Who said there is no place for a striker in a Pep Guardiola side? For Manchester City, the early evidence suggests the addition of a classic No 9 is not going to disrupt Guardiola’s passing machine. If anything the champions look even more dangerous with someone running in behind and, if there is a consolation for West Ham after they opened their campaign with a limp 2-0 defeat, it is that they will surely not be the last side to suffer against De Bruyne and Haaland.
There were 65 minutes on the clock when they finally clicked. First came the vision of De Bruyne, whose pass ripped West Ham apart, then the deadliness of Haaland. The Norwegian’s run was perfectly timed and, as he added to his first‑half penalty by sliding the ball past Alphonse Areola, it was difficult not to conclude that City’s star signing is already on the same wavelength as his new teammates.
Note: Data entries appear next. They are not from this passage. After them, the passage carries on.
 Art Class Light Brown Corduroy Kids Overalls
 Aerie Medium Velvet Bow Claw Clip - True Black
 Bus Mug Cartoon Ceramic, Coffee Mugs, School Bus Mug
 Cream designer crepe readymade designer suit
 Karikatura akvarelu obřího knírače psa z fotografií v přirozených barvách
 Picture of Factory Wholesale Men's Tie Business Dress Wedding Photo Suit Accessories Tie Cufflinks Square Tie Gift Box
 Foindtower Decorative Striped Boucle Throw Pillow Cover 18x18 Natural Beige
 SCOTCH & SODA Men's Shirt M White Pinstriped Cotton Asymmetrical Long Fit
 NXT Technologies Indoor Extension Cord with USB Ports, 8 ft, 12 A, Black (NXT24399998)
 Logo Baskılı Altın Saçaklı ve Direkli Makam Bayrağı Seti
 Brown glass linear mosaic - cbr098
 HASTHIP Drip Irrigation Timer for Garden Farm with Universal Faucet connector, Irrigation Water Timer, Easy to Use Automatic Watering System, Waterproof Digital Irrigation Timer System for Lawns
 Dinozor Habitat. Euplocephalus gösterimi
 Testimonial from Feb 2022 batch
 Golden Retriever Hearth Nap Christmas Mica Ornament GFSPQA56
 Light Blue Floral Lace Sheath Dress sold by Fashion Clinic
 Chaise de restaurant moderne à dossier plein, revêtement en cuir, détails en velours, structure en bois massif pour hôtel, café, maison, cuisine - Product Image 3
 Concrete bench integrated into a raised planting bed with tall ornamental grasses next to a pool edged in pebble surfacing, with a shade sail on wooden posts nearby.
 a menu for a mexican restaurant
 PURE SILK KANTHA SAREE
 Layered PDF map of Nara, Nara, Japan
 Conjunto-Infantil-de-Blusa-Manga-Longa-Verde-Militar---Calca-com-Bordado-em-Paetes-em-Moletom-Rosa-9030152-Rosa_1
For City, the focus over the summer was staying motivated. In a sense Guardiola has followed Sir Alex Ferguson’s formula of renovating from a position of strength, selling Raheem Sterling, Gabriel Jesus and Oleksandr Zinchenko, but the principles remain intact. It is about evolution rather than revolution and this was more or less the same City, albeit with one crucial difference: an attack led not by a twinkle-toed midfielder, but a muscular target man whose primary function is scoring goals.
The eyes were instantly drawn to Haaland. It even seemed that there were questions for the 22-year-old to answer after some nervy finishing during City’s defeat to Liverpool in the Community Shield. For instance, would the physicality of English football be too much for him? And just what did Guardiola have in store for the former Borussia Dortmund striker? A stint at left-back? A tactical role on the right flank?
The answer, of course, was to put Haaland through the middle, with Phil Foden and Jack Grealish on the wings, De Bruyne floating ominously and Ilkay Gündoğan pushing forward from midfield to unsettle West Ham’s low block.
The effect was that City’s superiority was absolute. They started slowly, almost going behind when Michail Antonio headed over, but soon took control. For West Ham, who turned up with Kurt Zouma as their only fit centre-back, there was no way out of their own half.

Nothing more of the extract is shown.